The abbey was established by the Silesian Piast Duke Henry I the Bearded and his wife Saint Hedwig of Andechs (Święta Jadwiga Śląska), confirmed by Pope Innocent III. The legend of its foundation relates that once Duke Henry when out hunting fell into a swamp from which he could not extricate himself. In return for rescue from this perilous position, he vowed to build the abbey. With Hedwig's consent, her brother Ekbert of Andechs, then Bishop of Bamberg, chose the first nuns that occupied the convent. The first abbess was Petrussa from Kitzingen Abbey; she was followed by Gertrude, the daughter of Hedwig. The abbey was richly endowed with lands by Duke Henry. When Hedwig became a widow in 1238, she went to live at Trzebnica and was buried there.
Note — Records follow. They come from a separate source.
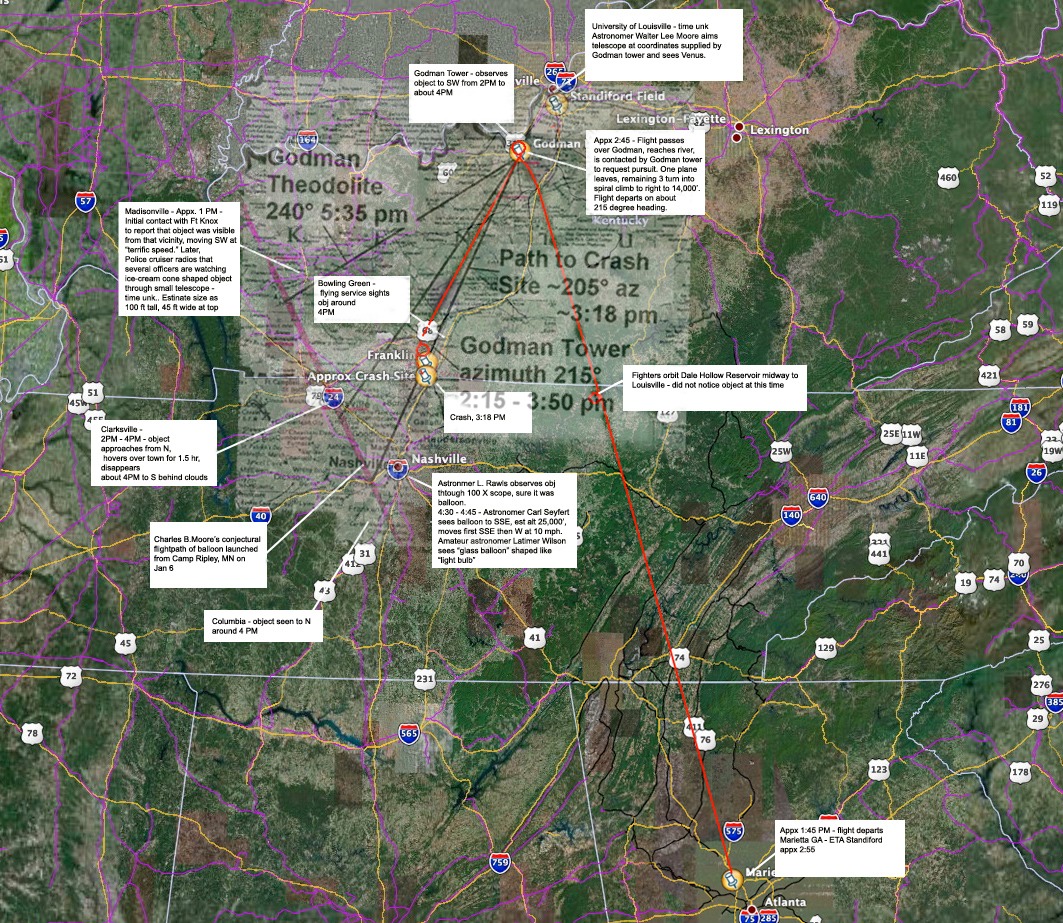 Map overlay of the 7 January 1948 sightings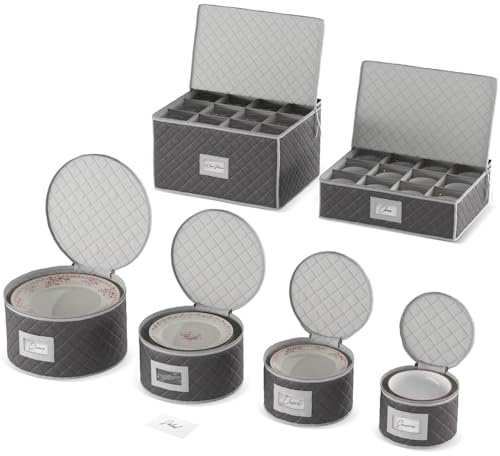Woffit Juego de Portaplatos Acolchado, Gran Protección para Guardar o Transportar Platos, Tazas, Copas, etc. de Porcelana. 48 placas de protección de fieltro incluidas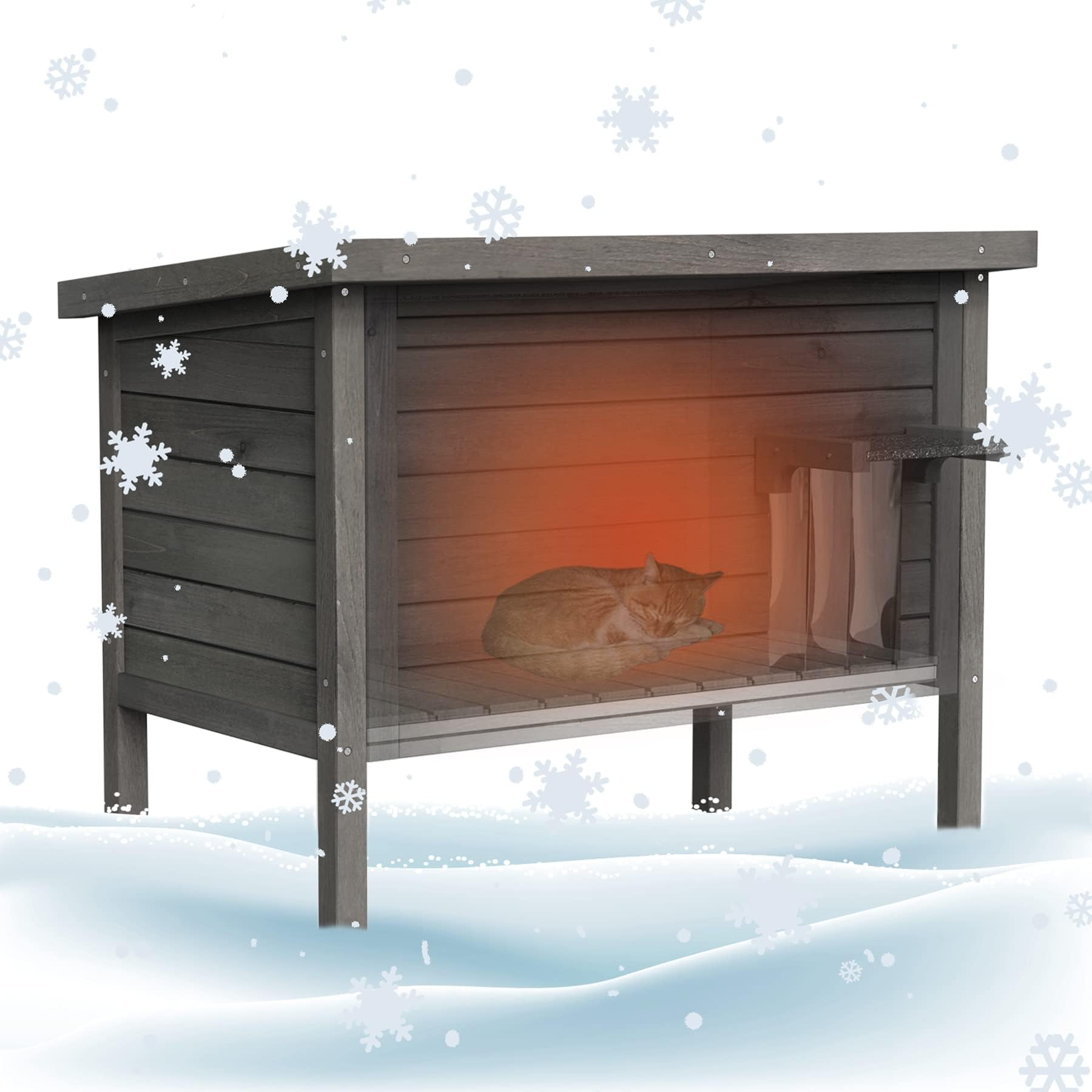 GDLF Outdoor Cat House, Feral Cat Shelter, Insulated Weatherproof, Gray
Up to 1515, the abbesses were the first princesses of the Piast dynasty and afterwards members of the nobility. It is said that towards the end of the thirteenth century the nuns numbered 120. The abbey also became a mausoleum of many rulers of the fragmented Silesian Piasts. In 1672 there were 32 nuns and 6 lay sisters, in 1805 there were 23 nuns and 6 lay sisters. The abbey suffered from all kinds of misfortunes both in the Middle Ages and later: from famine in 1315, 1338, 1434, and 1617, from disastrous fires in 1413, 1432, 1464, 1486, 1505, 1595, and 1782. At the Protestant Reformation, most of the nuns were Polish, as were the majority until the eighteenth century. In 1668, only four of the 31 nuns had German surnames. During the Thirty Years War the nuns fled across the border on the territory of the most unaffected Polish–Lithuanian Commonwealth, as they did again in 1663 when the Turks threatened Silesia. The abbey remained under the jurisdiction of the Catholic Church in Poland.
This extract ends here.